After 21 years of service growing and overseeing the viability of the town, Chris Schlehr is set to throw in his hat as administrator for Bel Air.

Current and former town commissioners, elected officials, close friends and colleagues gathered during a town hall meeting Monday evening to bid Schlehr farewell.

Town Mayor Robert J. Reier said while Schlehr would prefer to gather his belongings and quietly move on to his next phase in life, the town commissioners saw it fit to acknowledge him with a proclamation from the town.

"Thank you for your time, patience and assistance during my time in government, especially when I was a greenhorn," Reier said. "He showed me that government is where the rubber meets the road."

In 1992, after a lengthy 20-year career as a commander of the civil engineer corps with the U.S. Navy, Schlehr set his sights on his hometown. He started with the town as director of public works and in 2000 became the town administrator.

Harford County District Court Judge David Carey, who served as town commissioner and mayor for 16 years until last month, said Schlehr leaves quite a legacy with the town of Bel Air.

"He is universally held in high esteem by the employees and by the citizens," Carey said in an interview. "It's obvious that the only thing that matters to Chris is what is best for the town."
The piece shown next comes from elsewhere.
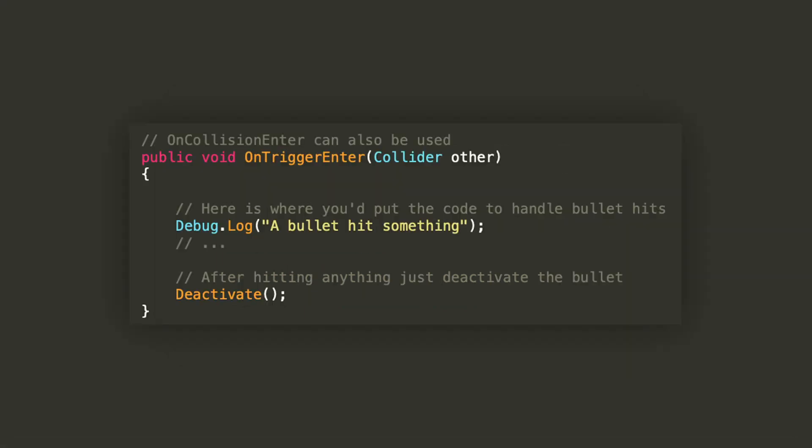The last method we're gonna add to the bullet class is OnTriggerEnter. This will be called when the collider that we will be having on the bullet object will collide with any other object in the scene, and here is where you want to put all the code that needs to be run when a bullet hits something, whether it is damaging the enemies, exploding something in the scene, or anything else. For the sake of the tutorial we're just gonna log a message to the console and deactivate the bullet.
Carey said Schlehr's background in engineering, construction and maintenance made him an asset to the town.

A Bel Air High School graduate, Schlehr received a bachelor of science in mechanical engineering from the U.S. Naval Academy and continued on to receive a master's from Penn State University.

Schlehr was also adept in dealing with the diverse background of Bel Air employees and personnel issues, Carey said.

"We have a diverse staff," Carey said. "One-third are police, there are well-educated employees and some who are laborers. Chris seemed to have a gift at knowing how to treat everybody."

Town Commissioner Robert M. Preston called Schlehr "a proponent for Bel Air." He said it was nice to have a town administrator who really knows and understands the town and the people in it.

"He's done an excellent job of being kind of conservative and has helped Bel Air to keep our taxes low in this financial crisis," Preston said during a recent interview.

Preston said Schlehr has had a hand in most of the great accomplishments of the town, including First Fridays and the Bel Air Armory.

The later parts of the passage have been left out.